Die „Kongress-Highlights“ verdeutlichen sehr erfreulich die internationale Präsenz junger österreichischer Forscher*innen und die gebührende Anerkennung ihrer wissenschaftlichen Arbeiten. Dementsprechend wurde diesen ausgezeichneten wissenschaftlichen Kongressbeiträgen (und nachfolgenden Publikationen) in dieser Ausgabe von neurologisch mehr Präsentationsraum geboten. Machen Sie sich selbst ein Bild über die Vielfalt der ausgezeichneten wissenschaftlichen Aktivitäten in Österreich!
Aktuelle und praxisrelevante Informationen bieten zudem die interessanten Beiträge aus den einzelnen Arbeitsgruppen zu speziellen neurologischen Erkrankungen.
Abschließend möchte ich Ihnen auch noch einen Bericht zur „Woche der Neurologie“ in der ORF-Sendung „Willkommen Österreich“ vom 27.–31. 10. 2020 nahelegen. Ein strategischer Schwerpunkt der ÖGN liegt in der Steigerung der öffentlichen Awareness zur Neurologie. Diese „neurologische Mini-Serie“ im ORF war ein erster erfolgreicher Schritt, weil jeder dieser vier Tage eine beachtliche Reichweite von bis zu 250.000 Zuschauer*innen hatte. Den Studiogäst*innen, Univ.-Doz. Dr. Julia Ferrari, Univ.-Prof. Dr. Karin Zebenholzer und Univ.-Doz. Dr. Christian Eggers möchte ich namens der ÖGN herzlich danken – nicht nur für ihre Bereitschaft, sich zu nachtschlafener Zeit ins ORF-Studio zu begeben, sondern auch für ihre ausgezeichneten Stellungnahmen!
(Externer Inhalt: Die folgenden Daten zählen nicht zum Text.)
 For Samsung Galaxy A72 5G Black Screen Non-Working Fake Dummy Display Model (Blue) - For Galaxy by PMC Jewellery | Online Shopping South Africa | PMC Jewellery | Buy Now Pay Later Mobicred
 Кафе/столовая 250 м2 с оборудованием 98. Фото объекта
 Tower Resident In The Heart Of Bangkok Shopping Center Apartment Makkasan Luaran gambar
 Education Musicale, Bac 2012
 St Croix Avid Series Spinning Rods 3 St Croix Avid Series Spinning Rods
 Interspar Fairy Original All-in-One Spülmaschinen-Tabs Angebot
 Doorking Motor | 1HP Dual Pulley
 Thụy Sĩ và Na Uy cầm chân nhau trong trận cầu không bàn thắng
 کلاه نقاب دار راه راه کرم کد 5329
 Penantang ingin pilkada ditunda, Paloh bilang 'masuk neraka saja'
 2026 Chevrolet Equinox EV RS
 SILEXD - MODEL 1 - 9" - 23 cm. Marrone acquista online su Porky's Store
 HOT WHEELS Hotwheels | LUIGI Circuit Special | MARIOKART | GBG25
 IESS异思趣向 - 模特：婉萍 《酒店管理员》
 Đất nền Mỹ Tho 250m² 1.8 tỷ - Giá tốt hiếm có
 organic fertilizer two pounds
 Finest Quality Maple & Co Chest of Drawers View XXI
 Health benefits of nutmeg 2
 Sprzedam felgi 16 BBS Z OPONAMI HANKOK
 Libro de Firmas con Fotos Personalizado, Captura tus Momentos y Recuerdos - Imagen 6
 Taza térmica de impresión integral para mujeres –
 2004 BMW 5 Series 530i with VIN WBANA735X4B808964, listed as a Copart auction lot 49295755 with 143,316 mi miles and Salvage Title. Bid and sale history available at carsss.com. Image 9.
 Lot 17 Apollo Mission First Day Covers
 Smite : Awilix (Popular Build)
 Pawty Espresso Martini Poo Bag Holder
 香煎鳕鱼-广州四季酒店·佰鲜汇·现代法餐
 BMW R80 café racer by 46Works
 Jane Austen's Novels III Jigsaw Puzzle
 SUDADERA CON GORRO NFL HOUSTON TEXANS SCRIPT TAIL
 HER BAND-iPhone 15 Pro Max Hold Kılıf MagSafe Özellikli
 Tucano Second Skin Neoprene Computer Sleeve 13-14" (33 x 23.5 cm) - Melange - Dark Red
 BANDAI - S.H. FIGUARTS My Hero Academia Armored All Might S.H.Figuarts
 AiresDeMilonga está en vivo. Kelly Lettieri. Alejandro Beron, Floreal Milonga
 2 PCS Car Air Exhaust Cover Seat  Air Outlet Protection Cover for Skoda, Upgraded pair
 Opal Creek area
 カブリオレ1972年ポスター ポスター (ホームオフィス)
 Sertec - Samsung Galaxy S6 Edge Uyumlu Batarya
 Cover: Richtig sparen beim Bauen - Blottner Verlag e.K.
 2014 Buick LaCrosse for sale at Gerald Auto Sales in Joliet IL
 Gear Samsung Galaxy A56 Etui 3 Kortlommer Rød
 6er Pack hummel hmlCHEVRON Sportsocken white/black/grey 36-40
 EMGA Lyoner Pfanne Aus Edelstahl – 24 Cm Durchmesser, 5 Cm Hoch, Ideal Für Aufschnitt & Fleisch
Aus gegebenem Anlass wünsche ich Ihnen, verehrte Leserinnen und Leser, und Ihren Familien, Freund*innen und sonst Liebgewonnenen eine zur Besinnung anregende Weihnachtszeit und ein ruhiges und geruhsames Weihnachtsfest! Obwohl wir im heurigen Jahr oft dazu geneigt waren, das Jahr 2020 als „zum Vergessen“ zu attributieren, wird es gut sein, dieses Jahr 2020 im Jahr 2021 und danach nicht dem Vergessen zu überlassen.